⟨

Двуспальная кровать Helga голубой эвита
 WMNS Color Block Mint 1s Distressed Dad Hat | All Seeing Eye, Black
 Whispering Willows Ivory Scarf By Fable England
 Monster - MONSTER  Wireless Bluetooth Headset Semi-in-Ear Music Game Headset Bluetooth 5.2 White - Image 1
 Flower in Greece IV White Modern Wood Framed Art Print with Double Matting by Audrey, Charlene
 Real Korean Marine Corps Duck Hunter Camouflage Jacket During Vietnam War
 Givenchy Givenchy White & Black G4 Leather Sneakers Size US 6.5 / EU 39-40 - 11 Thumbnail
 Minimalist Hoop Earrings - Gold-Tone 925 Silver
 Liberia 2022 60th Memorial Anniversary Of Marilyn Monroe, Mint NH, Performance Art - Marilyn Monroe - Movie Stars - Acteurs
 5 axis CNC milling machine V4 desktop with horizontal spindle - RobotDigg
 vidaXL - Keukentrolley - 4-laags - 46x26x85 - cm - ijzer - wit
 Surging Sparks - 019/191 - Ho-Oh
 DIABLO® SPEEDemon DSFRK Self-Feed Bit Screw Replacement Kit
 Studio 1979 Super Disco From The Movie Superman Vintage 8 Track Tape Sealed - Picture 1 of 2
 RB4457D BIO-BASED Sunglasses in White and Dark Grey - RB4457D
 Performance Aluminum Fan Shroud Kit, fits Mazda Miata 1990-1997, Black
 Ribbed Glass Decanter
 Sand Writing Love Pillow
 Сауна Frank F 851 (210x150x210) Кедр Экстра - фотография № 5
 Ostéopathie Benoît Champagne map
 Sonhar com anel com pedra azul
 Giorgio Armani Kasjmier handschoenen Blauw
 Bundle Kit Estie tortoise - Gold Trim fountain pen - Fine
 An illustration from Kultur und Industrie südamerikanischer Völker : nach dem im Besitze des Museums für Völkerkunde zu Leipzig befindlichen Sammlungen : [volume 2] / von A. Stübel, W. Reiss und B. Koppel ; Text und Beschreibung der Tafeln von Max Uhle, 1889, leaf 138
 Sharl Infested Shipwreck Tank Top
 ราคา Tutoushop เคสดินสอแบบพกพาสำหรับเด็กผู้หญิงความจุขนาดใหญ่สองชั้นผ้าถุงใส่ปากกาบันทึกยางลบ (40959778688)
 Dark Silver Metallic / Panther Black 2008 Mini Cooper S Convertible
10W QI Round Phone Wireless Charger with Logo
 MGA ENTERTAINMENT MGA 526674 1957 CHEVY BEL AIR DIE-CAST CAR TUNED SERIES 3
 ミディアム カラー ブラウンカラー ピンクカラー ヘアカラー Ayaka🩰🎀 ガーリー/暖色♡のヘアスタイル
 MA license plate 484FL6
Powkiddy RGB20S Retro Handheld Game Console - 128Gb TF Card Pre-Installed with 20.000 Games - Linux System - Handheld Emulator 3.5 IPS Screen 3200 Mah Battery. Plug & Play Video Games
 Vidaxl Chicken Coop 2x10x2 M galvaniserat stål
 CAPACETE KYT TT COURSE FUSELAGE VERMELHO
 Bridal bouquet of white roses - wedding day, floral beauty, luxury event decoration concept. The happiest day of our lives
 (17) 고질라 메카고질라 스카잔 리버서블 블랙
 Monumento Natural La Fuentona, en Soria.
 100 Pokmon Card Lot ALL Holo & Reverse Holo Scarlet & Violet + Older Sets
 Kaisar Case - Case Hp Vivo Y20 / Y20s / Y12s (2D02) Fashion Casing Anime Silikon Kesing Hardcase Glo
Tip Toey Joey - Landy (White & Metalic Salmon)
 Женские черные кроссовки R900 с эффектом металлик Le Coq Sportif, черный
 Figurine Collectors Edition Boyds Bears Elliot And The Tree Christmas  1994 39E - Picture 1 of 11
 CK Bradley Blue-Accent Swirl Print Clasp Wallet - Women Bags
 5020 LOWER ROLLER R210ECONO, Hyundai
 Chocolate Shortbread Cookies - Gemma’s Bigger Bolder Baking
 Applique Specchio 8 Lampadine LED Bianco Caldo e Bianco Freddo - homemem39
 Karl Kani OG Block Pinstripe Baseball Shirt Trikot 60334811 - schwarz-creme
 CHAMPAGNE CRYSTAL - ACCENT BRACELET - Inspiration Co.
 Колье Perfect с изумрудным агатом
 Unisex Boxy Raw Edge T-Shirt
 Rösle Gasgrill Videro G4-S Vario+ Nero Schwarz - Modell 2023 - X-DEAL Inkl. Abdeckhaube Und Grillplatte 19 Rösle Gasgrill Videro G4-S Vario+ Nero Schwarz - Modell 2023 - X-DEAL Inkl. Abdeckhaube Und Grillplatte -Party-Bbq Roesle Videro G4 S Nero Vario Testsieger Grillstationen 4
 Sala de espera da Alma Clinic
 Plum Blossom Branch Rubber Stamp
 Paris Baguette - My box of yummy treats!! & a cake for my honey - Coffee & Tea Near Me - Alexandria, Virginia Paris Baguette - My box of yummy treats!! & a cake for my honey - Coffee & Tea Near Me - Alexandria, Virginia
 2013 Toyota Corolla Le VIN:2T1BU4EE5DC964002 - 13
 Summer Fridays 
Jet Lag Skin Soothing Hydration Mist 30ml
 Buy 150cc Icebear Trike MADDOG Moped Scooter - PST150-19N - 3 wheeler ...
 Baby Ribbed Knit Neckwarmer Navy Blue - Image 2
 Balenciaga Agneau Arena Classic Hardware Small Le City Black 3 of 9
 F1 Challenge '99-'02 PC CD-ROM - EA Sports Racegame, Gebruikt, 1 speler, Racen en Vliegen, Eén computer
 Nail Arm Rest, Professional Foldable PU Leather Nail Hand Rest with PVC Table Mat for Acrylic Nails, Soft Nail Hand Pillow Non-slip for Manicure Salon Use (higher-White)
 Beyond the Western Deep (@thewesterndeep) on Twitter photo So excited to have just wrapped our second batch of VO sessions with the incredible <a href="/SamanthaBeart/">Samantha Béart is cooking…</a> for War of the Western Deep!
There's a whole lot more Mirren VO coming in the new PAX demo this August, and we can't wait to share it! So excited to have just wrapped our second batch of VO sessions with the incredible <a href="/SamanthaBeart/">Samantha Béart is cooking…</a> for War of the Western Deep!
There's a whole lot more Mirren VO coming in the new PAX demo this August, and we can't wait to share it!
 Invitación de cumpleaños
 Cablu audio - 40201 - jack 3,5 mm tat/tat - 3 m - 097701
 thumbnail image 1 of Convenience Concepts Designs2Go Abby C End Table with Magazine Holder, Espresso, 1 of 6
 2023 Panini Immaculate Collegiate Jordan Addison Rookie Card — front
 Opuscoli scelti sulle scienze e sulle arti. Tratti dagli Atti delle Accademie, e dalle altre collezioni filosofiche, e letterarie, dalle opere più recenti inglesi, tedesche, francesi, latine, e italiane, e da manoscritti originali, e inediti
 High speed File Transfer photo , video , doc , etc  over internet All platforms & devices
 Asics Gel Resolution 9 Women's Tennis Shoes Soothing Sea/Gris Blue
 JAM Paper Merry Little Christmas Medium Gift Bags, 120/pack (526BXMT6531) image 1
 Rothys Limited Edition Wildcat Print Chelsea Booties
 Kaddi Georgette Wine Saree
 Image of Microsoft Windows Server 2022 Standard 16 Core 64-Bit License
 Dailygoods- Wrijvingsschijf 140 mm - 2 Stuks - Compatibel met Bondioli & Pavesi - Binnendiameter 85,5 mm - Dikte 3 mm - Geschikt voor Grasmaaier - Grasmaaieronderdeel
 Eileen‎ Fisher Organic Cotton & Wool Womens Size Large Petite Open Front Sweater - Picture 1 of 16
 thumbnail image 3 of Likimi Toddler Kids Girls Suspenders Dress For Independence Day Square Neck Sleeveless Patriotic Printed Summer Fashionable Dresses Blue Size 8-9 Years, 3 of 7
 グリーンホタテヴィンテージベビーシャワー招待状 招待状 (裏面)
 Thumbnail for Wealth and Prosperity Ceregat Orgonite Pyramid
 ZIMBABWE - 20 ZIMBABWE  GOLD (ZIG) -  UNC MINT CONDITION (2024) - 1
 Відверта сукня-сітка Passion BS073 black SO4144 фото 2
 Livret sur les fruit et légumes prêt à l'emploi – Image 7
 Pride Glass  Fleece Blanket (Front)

⟩

YOUR INSTRUCTIONS: Pull every line holding "Edition" out of the records.

RESPONSE AREA:
 Figurine Collectors Edition Boyds Bears Elliot And The Tree Christmas  1994 39E - Picture 1 of 11
 Rothys Limited Edition Wildcat Print Chelsea Booties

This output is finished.